The growth of mathematics in the 20th and early 21st centuries has been explosive. More new mathematics has been discovered in the last 100 years than in the whole of previous human history. Even to sketch these discoveries would take thousands of pages, so we are forced to look at a few samples from the enormous amount of material that is available.
An especially novel branch of mathematics is the theory of probability, which studies the chances associated with random events. It is the mathematics of uncertainty. Earlier ages scratched the surface, with combinatorial calculations of odds in gambling games and methods for improving the accuracy of astronomical observations despite observational errors, but only in the early 20th century did probability theory emerge as a subject in its own right.
Nowadays, probability theory is a major area of mathematics, and its applied wing, statistics, has a significant effect on our everyday lives – possibly more significant than any other single major branch of mathematics. Statistics is one of the main analytic techniques of the medical profession. No drug comes to market, and no treatment is permitted in a hospital, until clinical trials have ensured that it is sufficiently safe, and that it is effective. Safety here is a relative concept: treatments may be used on patients suffering from an otherwise fatal disease when the chance of success would be far too small to use them in less serious cases.
Probability theory may also be the most widely misunderstood, and abused, area of mathematics. But used properly and intelligently, it is a major contributor to human welfare.

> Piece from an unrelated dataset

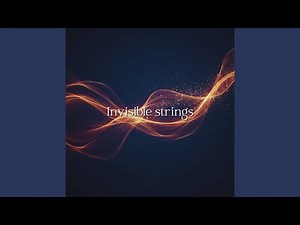 Invisible Strings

A few probabilistic questions go back to antiquity. In the Middle Ages, we find discussions of the chances of throwing various numbers with two dice. To see how this works, let’s start with one die. Assuming that the die is fair – which turns out to be a difficult concept to pin down – each of the six numbers 1, 2, 3, 4, 5 and 6 should be thrown equally often, in the long run. In the short run, equality is impossible: the first throw must result in just one of those numbers, for instance. In fact, after six throws it is actually rather unlikely to have thrown each number exactly once. But in a long series of throws, or trials, we expect each number to turn up roughly one time in six; that is, with probability 1/6. If this didn’t happen, the die would in all likelihood be unfair or biased.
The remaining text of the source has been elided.